Commentary - Hans H. Mathisen

I trust that you have found LIFE LETTER and LIFE LETTER MATURE on my website (www.mathisen.ca). There are also a wealth of helpful information on this site that you will find informative and useful when examining your investment portfolios.

10-10-10-10-60 - This is the topic of LIFE LETTER for March,2013. This piece gives us a good idea of how to allocate our paycheque.

How is your group life insurance? - asks the April issue of LIFE LETTER. This type of life insurance is designed to have expired when it’s needed.

LIFE LETTER MATURE - covers two topics:
Funeral Planning Checklist and The Importance of having a will.

THE STOCKMARKETS
As of Thursday, March 28 – the last trading day of the first quarter of 2013 -- the S&P TSX was up 2.54%. The Dow Jones stood at +11.35%. In Europe, Germany’s DAX was up 2.40%; France’s CAC gained 2.48%; and England’s FTSE increased 8.71%. In Asia, Japan’s NIKKEI grew 18.67%; and Hong Kong’s HANG SENG was down 1.58 %.

What can we expect for the remainder of 2013? Christopher J. Wolfe, Chief Investment Officer, Merrill Lynch Wealth Management, says “this year could see the beginning of a ‘Great Rotation’ toward equities. Companies have been strengthening their stock prices by buying back their own shares because corporate balance sheets are in strong shape”.

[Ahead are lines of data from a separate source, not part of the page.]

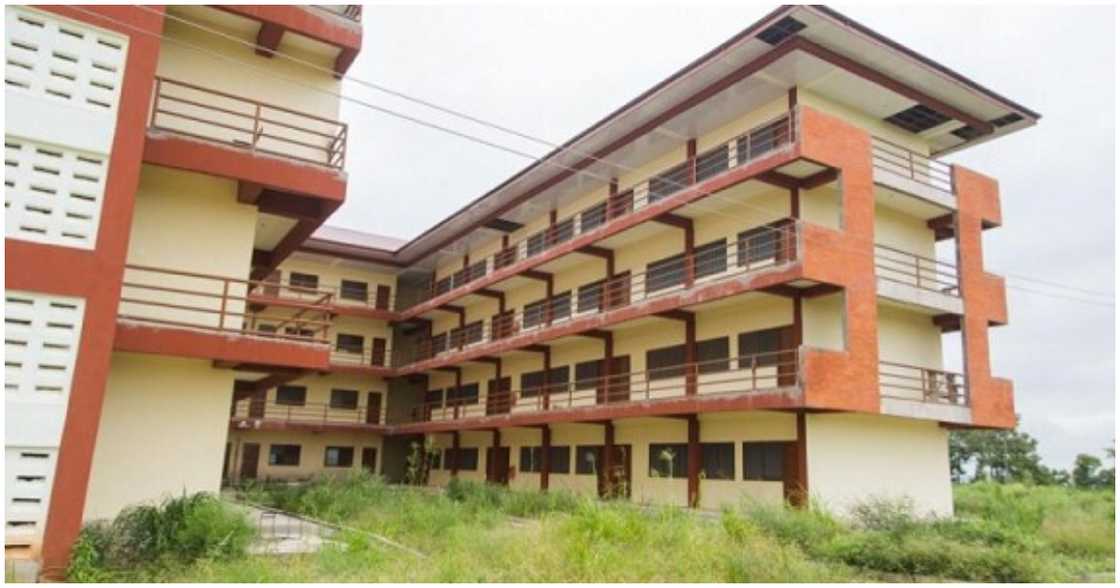 Aflao E-block school building
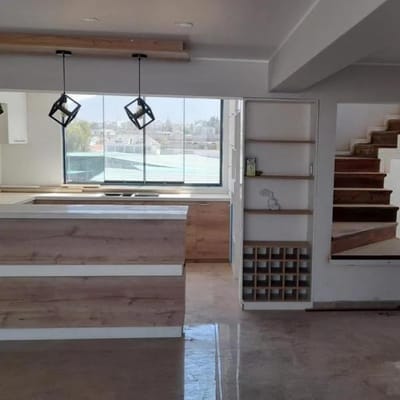 AMPLIO DUPLEX DE ESTRENO CON PISCINA EN VENTA CERRO COLORADO
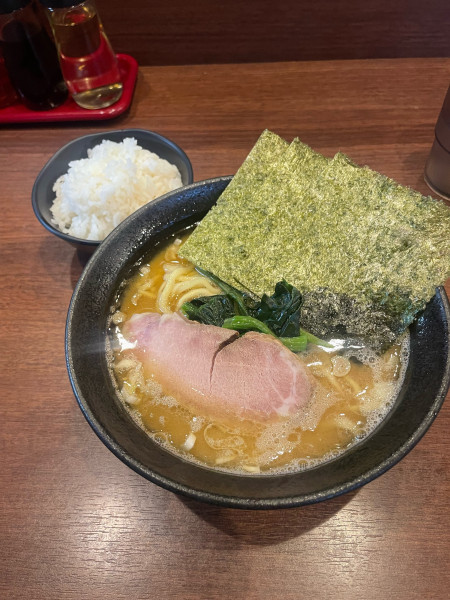 「らーめん　半ライス」@弐七家の写真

Sandy McIntyre, co-chief executive with Sentry Investments, has an upbeat outlook for the rest of this year and beyond. “You get defensive with your portfolio when short rates are the same as long rates. You get aggressive with your portfolio when short rates are materially below long rates”.

Short term rates are currently low and long term rates are higher as the economy heals, with central banks coordinated in trying to stimulate global growth, led by the Federal Reserve in the United States vowing to keep interest rates low through 2015.

Just as famed investor Warren Buffett avoided the 2001 technology bubble because he doesn’t invest in things he doesn’t understand, McIntyre doesn’t invest in BlackBerry because he doesn’t know how many handsets will be sold, but he likes telecom companies that are information carriers.

“You start by buying understandable businesses , businesses that actually make sense, that have some predictability to them. I really like businesses that give me recurring, repeatable cash flow”.

 

HAPPY INVESTING!
Sincerely,
Hans Mathisen


 

 

 

LIFE LETTER

10 - 10 - 10 - 10 - 60

No, this is not a John Lithgow long-distance plan commercial. Remember these numbers, however, when allocating your paycheque.

All too often, people experience financial stress when something happens and they haven’t done a proper job of allocating their income. Ideally, an allocation plan will become a habit that leaves you prepared for just about any eventuality.

Here’s how:

10% for Lifestyle Protection – Disasters happen and most rarely make the news. You have likely experienced at least one already. Very few people are in the financial position where they can cover the cost of an event without the help of insurance. Use life insurance to cover debts, last expenses and income replacement on death; vehicle insurance to cover the costs of damages or injuries; property insurance to replace lost or damaged property; critical illness insurance to help recover from a serious illness; disability insurance to replace a portion of your income if you can’t work because of illness or injury; travel insurance if you become ill while travelling outside your province or country.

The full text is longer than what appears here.